Post-Thanksgiving travel: Snow may create slippery roads across Great Lakes; Storm to lash Northwest
Nov 23, 2017 10:15AM
By Renee Duff, AccuWeather meteorologist - November 23, 2017, 10:30:41 AM EST
As millions of Thanksgiving travelers head home this weekend, a majority of the United States will be free of weather-related disruptions with only a few trouble spots.
Folks heading to, from or who have connections through the Upper Midwest, interior Northeast and Pacific states will face the greatest risk of slower travel and delays this weekend.
Lake-effect snow may create travel hazards near Great Lakes
A brief period of lake-effect snow will fall from Saturday to Sunday as a fresh blast of cold air sweeps across the Midwest and Northeast.
The advancing chill will first be marked by showers across the northern Plains and western Great Lakes on Black Friday. The damp weather will mainly be a nuisance to shoppers and those getting a head start on the journey home.
As this system sweeps to the east, a burst of lake-effect snow will begin downwind of lakes Superior and Michigan early Saturday. Snow showers will then stream off lakes Erie and Ontario later in the day.
“For the most part, accumulating snow will occur in narrow zones and only affect a fraction of the region,” AccuWeather Senior Meteorologist Alex Sosnowski said. “A few inches of snow may fall where the bands of lake-effect snow persist.”
“Motorists venturing along portions of Interstate 75, I-79, I-80, I-81, I-90 and I-196 may encounter sudden changes in visibility due to snow squalls,” he added.
The snow will quickly end from west to east over the weekend.
Stormy pattern to persist along West Coast
The storm that will douse the Pacific Northwest with rain and wind on Thanksgiving will give way to relatively drier conditions on Black Friday.
However, a new storm is poised to arrive late Saturday into Sunday.
“Areas of Northern California that were missed by this week’s storms will receive soaking downpours by the latter half of the weekend,” AccuWeather Meteorologist Kyle Elliott said.
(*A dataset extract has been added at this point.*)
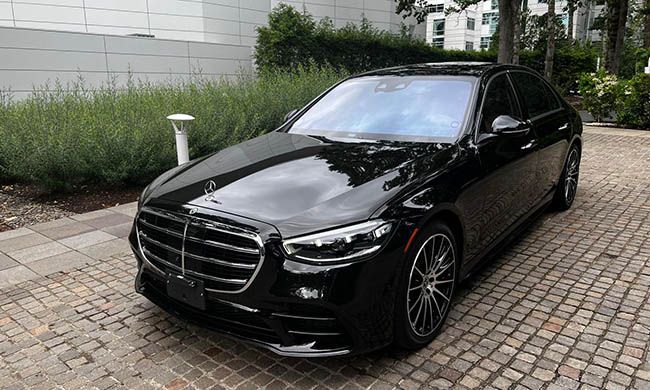 A black mercedes benz s class is parked in a driveway.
Motorists on stretches of I-5 may be forced to slow down to avoid hydroplaning. Airline passengers traveling to or from Seattle, Portland and San Francisco could face delays.
The threat of localized flooding will be highest in areas that were doused by storms this week.
As chilly air invades with the storm, snow levels will drop by several thousand feet into Monday, causing rain to change to snow in the highest elevations of the Washington and Oregon Cascades, as well as the Sierra, according to Elliott.
The heaviest snow is expected to remain above pass level this weekend.